Of course it won’t be possible to support many different types of FSs and target storage devices transparently to applications without some sort of abstraction and layered architecture. The Virtual File System (VFS) in the Linux kernel defines a common set of API functions that every FS has to implement so that for example the mkdir(2) function call doesn’t have to be aware of the file system types or the particular storage medium upon which the file system is mounted. User applications deal with a consistent generic system call interface rather than having to worry about differences in individual FS implementations. Anyway a filesystem doesn’t have to implement all the FS calls found in the GNU C Library. Let’s say that I develop an awkward FS where there is no concept of directories, trying to call the mkdir(2) function on it will return the EPERM error code.

Q:Is it possible to have a hard link spanning two files in different filesystems and what is the reason?

A:The answer is definitely no. Hard links cannot cross file system boundaries. This is because all hard links are based upon inode numbers and nothing else. In other words, as shown by an "ls -i" two or more hard links to the same file share the same inode number. Inodes are only guaranteed to be unique on a single filesystem. If Linux allowed to create an hard link in a different filesystems there would be ambiguity about which filesystem the inode number belongs to. Hard link can not span filesystems because an inode number is meaningless outside of the inode's own filesystem. But we can do that with symlink.

Q:Can we use 8k block ext3 filesystems on x86 machines?

A:Of course not. On x86, a filesystem block is just about always 4KiB, the default size and never larger than the size of a memory page. It is not possible to have block size greater then 4KiB. It is possible to extend in 8KiB of block size on Intel Itanium and other architectures that support 8KiB.

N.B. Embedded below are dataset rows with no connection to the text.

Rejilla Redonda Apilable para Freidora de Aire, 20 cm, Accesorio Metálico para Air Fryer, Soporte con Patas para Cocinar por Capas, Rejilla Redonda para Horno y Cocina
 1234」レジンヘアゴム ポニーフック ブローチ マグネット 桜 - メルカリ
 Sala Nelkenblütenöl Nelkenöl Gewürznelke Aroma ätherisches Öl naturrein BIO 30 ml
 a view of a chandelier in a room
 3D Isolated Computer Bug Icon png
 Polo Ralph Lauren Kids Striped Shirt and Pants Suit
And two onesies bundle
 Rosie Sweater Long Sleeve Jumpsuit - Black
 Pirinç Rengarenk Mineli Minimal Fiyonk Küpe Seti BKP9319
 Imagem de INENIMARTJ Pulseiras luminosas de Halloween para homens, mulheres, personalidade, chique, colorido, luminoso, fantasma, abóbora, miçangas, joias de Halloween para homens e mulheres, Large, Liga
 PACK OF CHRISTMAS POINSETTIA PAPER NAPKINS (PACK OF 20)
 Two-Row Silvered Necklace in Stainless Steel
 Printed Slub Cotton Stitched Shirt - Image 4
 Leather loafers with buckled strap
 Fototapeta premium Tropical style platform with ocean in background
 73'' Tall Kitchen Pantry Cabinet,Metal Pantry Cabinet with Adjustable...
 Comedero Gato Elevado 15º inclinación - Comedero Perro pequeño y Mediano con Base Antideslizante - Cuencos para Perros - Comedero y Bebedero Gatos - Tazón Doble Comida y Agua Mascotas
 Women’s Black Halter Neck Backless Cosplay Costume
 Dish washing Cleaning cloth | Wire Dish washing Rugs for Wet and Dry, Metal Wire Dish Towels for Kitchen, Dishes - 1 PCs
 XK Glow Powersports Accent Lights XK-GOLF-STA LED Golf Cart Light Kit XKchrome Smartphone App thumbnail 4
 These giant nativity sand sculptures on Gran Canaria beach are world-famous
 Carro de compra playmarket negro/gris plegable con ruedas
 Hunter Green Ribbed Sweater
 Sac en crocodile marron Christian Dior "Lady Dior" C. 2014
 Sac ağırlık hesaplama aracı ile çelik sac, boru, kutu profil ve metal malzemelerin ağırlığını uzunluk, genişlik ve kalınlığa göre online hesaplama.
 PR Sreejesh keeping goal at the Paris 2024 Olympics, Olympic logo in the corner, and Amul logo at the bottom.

Q:What are the reasons why some applications insist on accessing raw devices?

A:The complex applications like database management systems (DBMS) do usually their own caching. So they need to access to the raw devices which can be used to perform raw I/O with existing block devices by bypassing the caching that is normally associated with block devices (kernel). We can say also that raw devices are suitable for applications like DBMS. So, the applications like RDBMS are known to utilize raw disk directly instead of file system storage, mostly for bypassing the system buffer cache, because they already implement their own cache in a way that better tailored to the application needs. If these applications are well engineered they can perform better on a raw file system, e.g. better throughput. The drawback is that raw disk partitions cannot be managed by the OS (e.g. with Unix shell commands): only the application knows about the format and for the OS it is just a bunch of contiguous disk blocks, without any known structure. Another reason could be that an application would like to implement its own kind of network file system for accessing the same data concurrently from many hosts.

Q:What type of file system would be most suitable for a character device?

A:Raw filesystems because character devices are read and written directly without buffering and this is exactly why one usually wants to use a raw filesystem.
On the contrary block devices can only be read/written via the buffer cache and in fixed block sizes or multiples of the block size. A raw device is seen by Linux as a character device but it is actually bound to an existing block device (usually a disk).

Q:What is an access control list? How is it used in Linux?

A:An access control list (ACL) is a table that defines the user privileges policy of the operating system. It defines which access rights each user has to a particular system object, such as a file directory or individual files. The most common privileges are the ability to read/write/execute data/file/directories (rwx). Shortly is know as filesystem permission access privilege list and entries. Each file or directory can have an associated ACL that lists the permission rules to be applied to it. Each of the rules within an ACL is called an access control entry, or ACE. In general, an access control entry identifies the user or group to which it applies and specifies a set of permissions to be applied to those users. ACLs have no set length and can include permission specifications for multiple users or groups.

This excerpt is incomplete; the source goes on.